HEALTHY LIVING • JANUARY 13 - 19, 2021
COVID-19 Rounds Out 2020 2020 is over and perhaps that is the only good thing that we can say about it. If I had an eraser and could erase the year in its entirety, I surely would. It is really hard to think of anything positive that came out of last year. It was a year dominated by dishonest politics, terrible economics and a deadly pandemic, which continues to kill thousands of Americans daily. We have lost businesses, our favorite shops and restaurants, and many of our friends. Even now, we have no central plan to tackle the COVID crisis and mass vaccinate our population. The overwhelmingly dominant issue of 2020 was the COVID pandemic and hopefully vaccination will improve our qualities of life in 2021. We were promised 20 million doses of vaccine given by the end of 2020. What we got was about two million. Why? No one is quite sure from where the broken promises emanate. At this current pace, full vaccination will not occur for years. And unfortunately, we do not know how long immunity will last following the vaccine. Three months, six months, a year or longer? Only time will tell. One good piece of news is that is appears that most people want to take
THE SPECIALIST David Bernstein, MD
the vaccine once it becomes available. This is smart. If a person has any concerns about taking the COVID vaccine, that person should weigh the risk of the potential side effects of the vaccine versus the short and long-term effects of having COVID. While the vaccine is commonly associated with arm pain at the injection site, most other side effects appear to be mild. The risk of COVID infection, however, is considerable with both short term complications such as hospitalization and death as well as long-term lingering COVID related problems such as fatigue, brain fog, clotting disorders, chronic pulmonary disease and advanced liver diseases, to name a few. The Advisory Committee on Immunization Practices, a section
of the Centers for Disease Control, has outlined four ethical principles for how the COVID vaccine should be used. These principles are that the vaccine be given in a way to maximize benefits and minimize harms, that it be given in a fair way that mitigates health inequalities and that vaccines be distributed in a transparent fashion. The group has recommended that the first group to receive vaccines should be health care personnel and long-term care facility residents followed by essential frontline workers and persons 75 years of age and older followed by persons aged 65-74, persons aged 16-64 with risk high risk medical conditions and essential workers not recommended for vaccination in the second phase. After these groups have been successfully vaccinated, all persons 16 years of age and older not previously recommended for vaccination should be vaccinated. The question that remains unanswered is, “Where can people get the vaccine?” Once again, this remains to be determined. So, what lessons can we learn from 2020 COVID crisis as we enter what hopefully will be a better 2021?

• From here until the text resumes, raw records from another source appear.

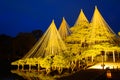 Kenrokuen Garden at night in Kanazawa, Japan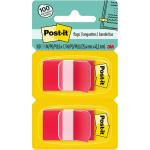 3M 10467 Post-it Flags 680-RD2 25x43mm Red, Pack of 2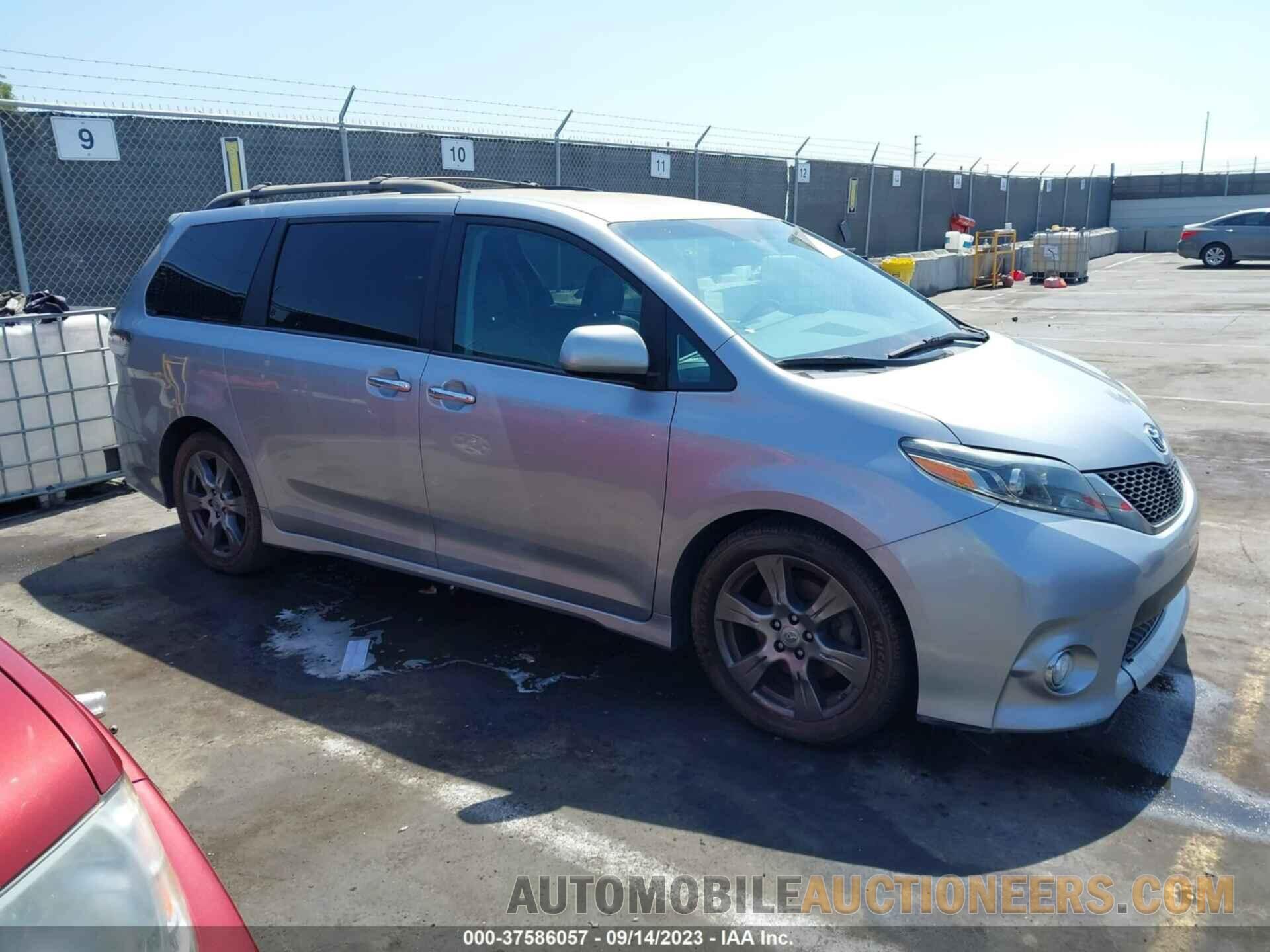 5TDXZ3DC1HS794266 TOYOTA SIENNA 2017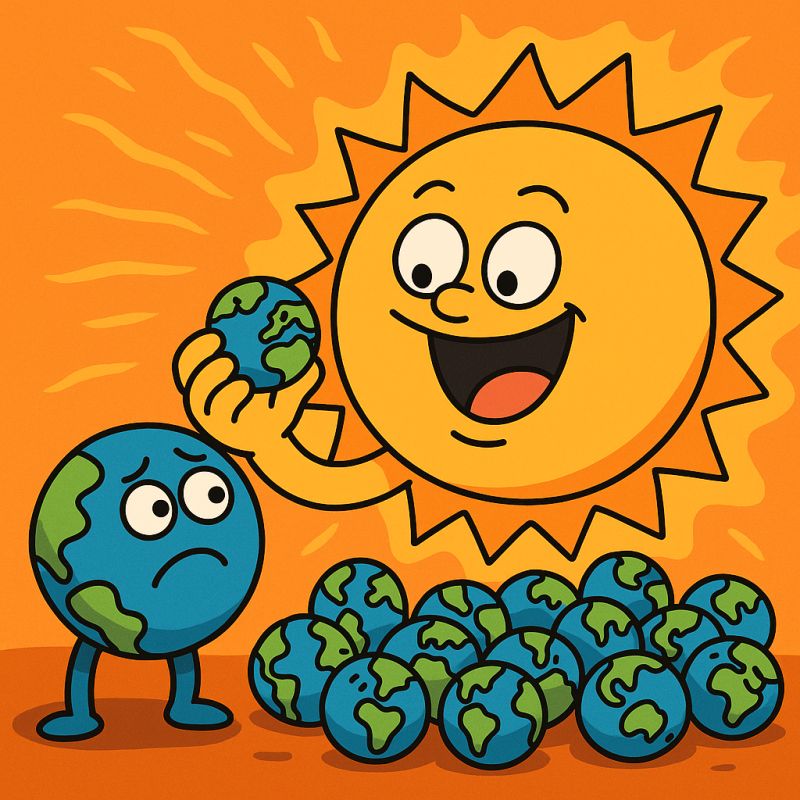 How Many Earths Can Fit Inside the Sun — And Why the Sun Is the Universe’s Ultimate Storage Trick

Certainly, intelligent, compassionate and unbiased central leadership is critical to our success in any crisis. We should now realize that the public health of our population is not a political issue, but rather one in which we all need to act responsibly to protect ourselves and our neighbors. We should learn to listen to the experts, not the talking heads and headline seekers. We should learn to respect and fairly treat all the essential workers who risked their lives to ensure we had adequate health care, police and fire protection, appropriate sanitation services, sufficient food, working utilities, and safe roads, to name a few. But perhaps most of all, 2020 should teach us to realize what is truly important and to be tolerant and accepting of our fellow citizens. In a Jan. 6, 1941 speech, then President Franklin Roosevelt laid out four universal freedoms that we should all expect, the freedom of speech, the freedom of worship, the freedom from want and the freedom from fear. Perhaps in 2021 we can return to these basic freedoms that our parents and grandparents fought and lost their lives for so that our lives could be better.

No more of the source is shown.